Cecilia Ferm

Personal information
- Born: 9 October 1975 (age 49) Stockholm, Sweden
- Listed height: 180 cm (5 ft 11 in)
- Position: Forward
- Number: 12

Career history
- 2003–2007: Solna Vikings
- 2007–2008: KFUM Järfälla
- 2008–2009: Solna Vikings
- 2009–2010: Stockholmspolisens IF
- 2010–2011: KFUM Järfälla
- 2012–2016: Akropol BBK
- 2016–2017: AIK Basket

= Cecilia Ferm =

Swedish basketball player

Cecilia Helena Ferm (born 9 October 1975) is a Swedish deaf female basketball player. She has represented both national and deaf basketball teams. Ferm has participated at the Deaflympics on 5 occasions since making her debut in the 1993 Summer Deaflympics.

She was the key member of the Swedish deaf basketball team that won silver medals at the 1997, 2001 and 2005 Deaflympic events. In her last Deaflympic event, in 2009, she was able to claim the gold medal for Sweden in the basketball for the first time in Deaflympic history after a stunning victory over favourites USA and it ended the gold medal jinx for Sweden.

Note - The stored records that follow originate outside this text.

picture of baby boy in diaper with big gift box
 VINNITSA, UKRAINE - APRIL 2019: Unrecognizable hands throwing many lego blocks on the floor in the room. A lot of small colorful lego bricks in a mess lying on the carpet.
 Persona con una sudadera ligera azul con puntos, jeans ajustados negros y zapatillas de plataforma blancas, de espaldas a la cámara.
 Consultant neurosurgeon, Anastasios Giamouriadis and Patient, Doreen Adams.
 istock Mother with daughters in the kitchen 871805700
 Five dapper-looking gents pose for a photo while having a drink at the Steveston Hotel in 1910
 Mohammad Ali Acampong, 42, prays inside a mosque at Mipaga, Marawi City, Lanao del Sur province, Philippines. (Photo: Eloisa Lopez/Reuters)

She won the ICSD Deaf Sportswoman of the Year award in 2000 and in 2004 for her outstanding performance in the deaf basketball competitions including the deaflympic basketball. Cecilia Ferm was also nominated for the Deaf Sportswoman of the Year award by the ICSD in 1998, 1999, 2002 and in 2007.

She has also played for some elite basketball club teams such as Solna Vikings, Akropol and Nerike Basket. Cecilia Ferm is currently playing for the Swedish club side, AIK Basket.